Il faut dire que ce film tombe à pic au moment où, du moins par chez nous, la psychanalyse et son père sont mis à mal par de jeunes blancs becs non dénués sans doute d’une volonté de puissance et de médiatisation. Ce qui est intéressant ici, hormis la belle mise en scène et la qualité de l’image, c’est que tous les thèmes récurrents de la cure analytique sont présents, comme si Leo pratiquait sur lui-même sans le vouloir vraiment, une sorte d’analyse décousue qui lui permet (en fait grâce à la mer Méditerranée omniprésente) et à une passeuse elle aussi déjà mère d’une petite fille, de renouer avec ses vieux démons pour mieux les exorciser et les démystifier.
Ce voyage secret, secret parce qu’intérieur d’où la prolifération des flashback pour une fois très utiles et non décoratifs, permet des retrouvailles avec le passé. Celui-ci est représenté par le prêtre, le père, les lieux et les photographies d’enfance (dont un instantané sur la plage du frère et de sa petite sœur enfants), réutilisés et magnifiés dans une composition artistique d’Harold et qu’on découvrira au cours d’une exposition, sorte de point d’orgue de l’analyse. Tout sera éclairci tout au long de ce film-analyse et la vérité sur la mort de la mère, accident ou assassinat, sera bien sûr éclaircie mais on n’en dira rien. Si, pendant la projection, s’éveillent en nous des soupçons hitchcockiens, notre étonnement est grand à la conclusion du récit, même si les motivations de cet acte fondateur de la névrose familiale sont difficiles à interpréter.

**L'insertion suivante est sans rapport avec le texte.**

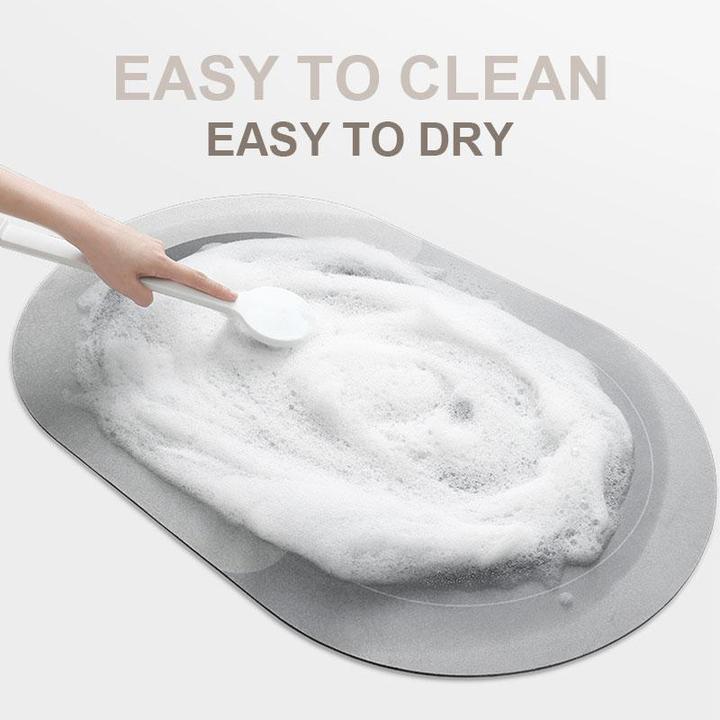 Quick-drying, Super Absorbent Bath Mat - AquaComfort-Blue-Oval-15.75*31.49 inches-Nora Luxe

Bref, un bon film qui fait agréablement "psy psy" partout, sans prise de tête et sans prétention. Leo, en équilibre instable, va peut-être retrouver sa vie et ses amours, ou les perdre pour toujours, dans ce voyage secret qui ravage sa mémoire. D’où la référence explicite à l’art boltanskien et à Kusturica lequel déclare au cours du film que, dans son village, la seule façon de vivre, est de tenter d’oublier. On pense bien sûr à la guerre de Bosnie, mais aussi à tous les malheurs et horreurs qui peuvent ravager vies privées et civilisations.